Indeed, it seems that all too many bugs expected this correction in gold, silver and the miners. That is a good thing because when the real top comes these ladies are going to be out front and greed will be running rampant (quite possibly against a negative fundamental or valuation backdrop as in 2008).

Instead, everybody it seems knew about the high risk Commitments of Traders situation for gold and silver. The CoT is not a timer, but for weeks now it had been a condition that’s been in place for a correction. It’s not a “take down”, it’s a condition of too much speculation that had to be addressed. Now it is. Other CoT data available here.

gold cot
silver cot

As the CoT, Hulbert’s HGNSI and the extreme overbought readings first in the gold price, but then dynamically in the silver price and the miners gathered to form a high risk situation, the time to take some profits was over the last couple of weeks, not now. Gold oriented newsletters appear to have jerked over bullish with the latest headfake rise in the gold price.

hulbert hgnsi

Now is the time for prepared players to be thinking like buyers once again. Personally, it’s been a while (May-June) since I’ve had similar thoughts. The initial price target for gold has been the mid to high 1500s and folks, gold is not only not obligated to go any higher in the near-term, it shouldn’t go higher unless it would create a more dangerous blow off type situation.

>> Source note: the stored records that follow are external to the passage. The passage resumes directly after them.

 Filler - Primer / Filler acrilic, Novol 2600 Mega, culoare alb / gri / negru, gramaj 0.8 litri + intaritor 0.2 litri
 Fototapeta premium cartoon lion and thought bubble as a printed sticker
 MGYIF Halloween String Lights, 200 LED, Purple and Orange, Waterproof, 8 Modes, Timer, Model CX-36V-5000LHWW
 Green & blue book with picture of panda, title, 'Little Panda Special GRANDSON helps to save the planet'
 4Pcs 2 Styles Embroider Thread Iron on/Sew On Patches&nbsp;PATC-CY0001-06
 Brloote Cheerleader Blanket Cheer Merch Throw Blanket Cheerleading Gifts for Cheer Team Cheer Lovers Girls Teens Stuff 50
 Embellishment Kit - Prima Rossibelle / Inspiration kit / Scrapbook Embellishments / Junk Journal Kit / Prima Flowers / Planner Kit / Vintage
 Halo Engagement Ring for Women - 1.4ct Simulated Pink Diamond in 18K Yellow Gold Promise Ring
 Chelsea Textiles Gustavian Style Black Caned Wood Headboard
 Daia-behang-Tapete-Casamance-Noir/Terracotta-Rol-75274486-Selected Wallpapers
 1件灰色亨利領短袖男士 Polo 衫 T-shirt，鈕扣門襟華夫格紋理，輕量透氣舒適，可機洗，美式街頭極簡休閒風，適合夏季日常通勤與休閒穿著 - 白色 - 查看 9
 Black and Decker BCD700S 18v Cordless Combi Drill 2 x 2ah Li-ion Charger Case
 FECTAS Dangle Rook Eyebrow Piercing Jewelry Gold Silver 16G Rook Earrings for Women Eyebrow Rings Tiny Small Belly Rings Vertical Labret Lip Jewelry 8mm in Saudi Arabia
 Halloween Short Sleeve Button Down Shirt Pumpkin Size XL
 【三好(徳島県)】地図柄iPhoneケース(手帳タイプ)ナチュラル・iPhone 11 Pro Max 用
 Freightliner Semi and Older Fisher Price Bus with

In line with other markers shown above, it’s a very normal point for a pullback from an extreme overbought situation. Early in the precious metals rally we noted it was a “launch”, not a blow off as some gold perma-bears were calling it. But now we’ve likely had a mini blow off of the launch phase, if that makes any sense.

gold

After gold crossed its bull/bear line at 1378 back in June, silver stored up all that energy and went nearly vertical over the last 1.5 months. It took out the NFTRH ‘best’ target for the move, which was in the 18.60s. I had no sooner noted that I was wrong on the exact target when on the weekly candle I turned out to be right again. Funny how these things work.

silver

Bottom Line

Gold, silver and the miners needed a pullback from extremely overbought readings. Just as bear market rallies can be pretty intense, so too can bull market pullbacks. That is not to say the precious metals are in a major bull market. For several valid reasons that assertion is far from proven. So for now we’ll let the ladies above do the cheering and go about carrying a rational narrative forward (to be continued in this weekend’s NFTRH 567).

Our conservative targets for HUI are significantly higher even in the event that the sector is not in a major bull. I like that; manage conservatively (which had us fully prepared for this week’s pullback) but also be ready to capitalize.

This weekend we begin the work of plotting pullback buy levels in the miners and the metals. But we also keep open minds with respect to how over done the sector became amid the media-stoked fears of the trade war, the inverted yield curve (a non-issue in the short-term) and other such things that investors and the public have been jittery about. Why, there is even a positive economic glimmer in play as illustrated earlier today. In 2003 to 2007 the gold sector played well with an inflationary economic up cycle. That could be in play again. But only weekly work will confirm or deny that and other cases.